Work task> Only the lines from the first line of the records through the line containing "Glamorous Long Ball" belong in the answer. Copy them exactly.

- Opening Delimiter -

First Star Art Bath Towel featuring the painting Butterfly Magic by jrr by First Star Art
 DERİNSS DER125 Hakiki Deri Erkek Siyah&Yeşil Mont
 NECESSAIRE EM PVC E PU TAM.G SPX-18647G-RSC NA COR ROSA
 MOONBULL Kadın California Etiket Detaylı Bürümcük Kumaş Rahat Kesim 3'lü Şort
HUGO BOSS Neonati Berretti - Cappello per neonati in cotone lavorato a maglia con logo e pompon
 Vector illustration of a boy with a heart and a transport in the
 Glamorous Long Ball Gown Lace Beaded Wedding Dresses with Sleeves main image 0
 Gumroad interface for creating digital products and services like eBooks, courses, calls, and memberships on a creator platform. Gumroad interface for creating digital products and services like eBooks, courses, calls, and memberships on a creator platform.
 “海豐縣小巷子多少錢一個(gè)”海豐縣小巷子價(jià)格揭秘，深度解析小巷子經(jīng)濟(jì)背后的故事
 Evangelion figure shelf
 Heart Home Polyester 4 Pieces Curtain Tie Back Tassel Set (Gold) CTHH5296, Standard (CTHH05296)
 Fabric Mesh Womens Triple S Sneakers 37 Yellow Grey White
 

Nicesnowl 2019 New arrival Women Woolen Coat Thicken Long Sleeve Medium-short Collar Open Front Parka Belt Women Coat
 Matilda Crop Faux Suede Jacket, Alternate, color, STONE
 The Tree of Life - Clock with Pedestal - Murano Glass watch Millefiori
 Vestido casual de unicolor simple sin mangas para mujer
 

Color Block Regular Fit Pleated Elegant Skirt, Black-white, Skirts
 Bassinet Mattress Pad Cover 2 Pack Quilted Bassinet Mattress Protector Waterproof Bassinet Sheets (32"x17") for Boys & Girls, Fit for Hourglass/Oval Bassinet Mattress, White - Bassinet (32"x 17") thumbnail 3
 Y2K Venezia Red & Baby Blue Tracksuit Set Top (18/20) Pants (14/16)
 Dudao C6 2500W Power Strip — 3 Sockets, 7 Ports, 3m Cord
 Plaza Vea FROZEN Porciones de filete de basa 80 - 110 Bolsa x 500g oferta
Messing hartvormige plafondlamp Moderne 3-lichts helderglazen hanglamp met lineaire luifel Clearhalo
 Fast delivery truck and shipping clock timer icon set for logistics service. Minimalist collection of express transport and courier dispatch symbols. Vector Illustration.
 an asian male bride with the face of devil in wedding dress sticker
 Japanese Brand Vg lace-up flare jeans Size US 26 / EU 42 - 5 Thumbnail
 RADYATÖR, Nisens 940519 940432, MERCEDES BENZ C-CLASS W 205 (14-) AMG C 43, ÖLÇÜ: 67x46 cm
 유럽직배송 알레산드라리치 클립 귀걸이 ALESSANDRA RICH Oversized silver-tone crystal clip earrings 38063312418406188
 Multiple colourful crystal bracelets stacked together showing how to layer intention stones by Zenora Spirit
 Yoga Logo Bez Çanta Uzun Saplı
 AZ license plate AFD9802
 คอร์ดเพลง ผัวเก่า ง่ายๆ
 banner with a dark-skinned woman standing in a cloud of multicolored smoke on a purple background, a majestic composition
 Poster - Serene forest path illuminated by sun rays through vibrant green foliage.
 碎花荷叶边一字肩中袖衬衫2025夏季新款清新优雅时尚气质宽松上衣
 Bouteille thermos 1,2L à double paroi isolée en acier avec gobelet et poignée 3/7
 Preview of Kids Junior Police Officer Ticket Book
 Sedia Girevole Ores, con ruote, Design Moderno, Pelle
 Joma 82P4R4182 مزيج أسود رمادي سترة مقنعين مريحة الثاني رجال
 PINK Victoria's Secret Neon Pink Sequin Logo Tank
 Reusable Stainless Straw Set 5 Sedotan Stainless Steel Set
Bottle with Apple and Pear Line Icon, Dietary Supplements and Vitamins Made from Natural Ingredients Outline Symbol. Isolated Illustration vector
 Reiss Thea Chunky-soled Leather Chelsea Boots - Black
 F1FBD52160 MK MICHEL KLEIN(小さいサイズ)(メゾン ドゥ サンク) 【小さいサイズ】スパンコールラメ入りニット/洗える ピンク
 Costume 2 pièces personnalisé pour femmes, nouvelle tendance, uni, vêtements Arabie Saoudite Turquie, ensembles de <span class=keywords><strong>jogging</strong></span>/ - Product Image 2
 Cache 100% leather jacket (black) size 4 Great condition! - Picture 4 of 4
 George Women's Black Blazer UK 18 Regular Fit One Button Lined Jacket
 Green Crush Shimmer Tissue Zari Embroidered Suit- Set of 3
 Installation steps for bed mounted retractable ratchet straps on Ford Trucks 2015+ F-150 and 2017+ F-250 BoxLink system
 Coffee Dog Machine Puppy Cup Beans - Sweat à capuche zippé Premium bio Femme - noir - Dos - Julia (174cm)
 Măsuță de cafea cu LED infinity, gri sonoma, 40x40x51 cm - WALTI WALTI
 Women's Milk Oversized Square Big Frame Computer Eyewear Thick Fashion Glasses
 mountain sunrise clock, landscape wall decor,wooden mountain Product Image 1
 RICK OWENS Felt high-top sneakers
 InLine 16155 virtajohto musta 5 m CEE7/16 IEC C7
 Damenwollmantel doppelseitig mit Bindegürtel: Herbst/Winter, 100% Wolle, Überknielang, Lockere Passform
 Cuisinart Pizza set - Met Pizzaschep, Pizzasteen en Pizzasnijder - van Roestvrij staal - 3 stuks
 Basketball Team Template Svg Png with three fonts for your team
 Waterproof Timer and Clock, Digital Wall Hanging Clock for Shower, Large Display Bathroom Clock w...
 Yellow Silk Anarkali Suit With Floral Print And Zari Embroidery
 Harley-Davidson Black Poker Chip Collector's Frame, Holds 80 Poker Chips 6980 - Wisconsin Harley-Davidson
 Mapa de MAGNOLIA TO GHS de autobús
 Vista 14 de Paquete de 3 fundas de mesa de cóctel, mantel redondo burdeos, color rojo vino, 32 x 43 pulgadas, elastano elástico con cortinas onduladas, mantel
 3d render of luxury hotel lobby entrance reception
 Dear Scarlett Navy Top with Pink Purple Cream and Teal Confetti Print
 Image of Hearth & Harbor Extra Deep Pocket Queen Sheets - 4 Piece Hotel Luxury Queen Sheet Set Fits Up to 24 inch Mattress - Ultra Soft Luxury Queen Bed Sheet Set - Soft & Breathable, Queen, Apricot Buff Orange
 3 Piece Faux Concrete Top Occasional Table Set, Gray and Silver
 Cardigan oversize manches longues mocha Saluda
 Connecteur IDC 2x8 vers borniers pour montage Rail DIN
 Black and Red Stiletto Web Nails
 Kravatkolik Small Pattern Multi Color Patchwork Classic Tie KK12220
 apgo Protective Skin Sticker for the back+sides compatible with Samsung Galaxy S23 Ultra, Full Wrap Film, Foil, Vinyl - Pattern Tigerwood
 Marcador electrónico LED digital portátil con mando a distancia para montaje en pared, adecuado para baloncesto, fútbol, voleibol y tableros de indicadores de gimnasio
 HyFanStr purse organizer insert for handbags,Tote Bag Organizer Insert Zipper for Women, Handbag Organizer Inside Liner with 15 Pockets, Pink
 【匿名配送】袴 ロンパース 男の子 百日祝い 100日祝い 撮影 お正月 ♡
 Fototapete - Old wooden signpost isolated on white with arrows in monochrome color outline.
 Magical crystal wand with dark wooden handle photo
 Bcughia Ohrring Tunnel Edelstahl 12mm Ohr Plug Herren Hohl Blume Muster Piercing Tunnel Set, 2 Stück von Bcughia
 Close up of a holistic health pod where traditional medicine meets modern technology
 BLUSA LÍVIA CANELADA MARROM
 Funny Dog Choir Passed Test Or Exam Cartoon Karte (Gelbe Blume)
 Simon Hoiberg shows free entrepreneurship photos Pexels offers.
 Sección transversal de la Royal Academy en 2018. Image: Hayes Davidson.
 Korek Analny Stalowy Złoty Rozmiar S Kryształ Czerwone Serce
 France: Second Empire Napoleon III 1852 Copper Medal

- Closing Delimiter -

Exercise result>
First Star Art Bath Towel featuring the painting Butterfly Magic by jrr by First Star Art
 DERİNSS DER125 Hakiki Deri Erkek Siyah&Yeşil Mont
 NECESSAIRE EM PVC E PU TAM.G SPX-18647G-RSC NA COR ROSA
 MOONBULL Kadın California Etiket Detaylı Bürümcük Kumaş Rahat Kesim 3'lü Şort
HUGO BOSS Neonati Berretti - Cappello per neonati in cotone lavorato a maglia con logo e pompon
 Vector illustration of a boy with a heart and a transport in the
 Glamorous Long Ball Gown Lace Beaded Wedding Dresses with Sleeves main image 0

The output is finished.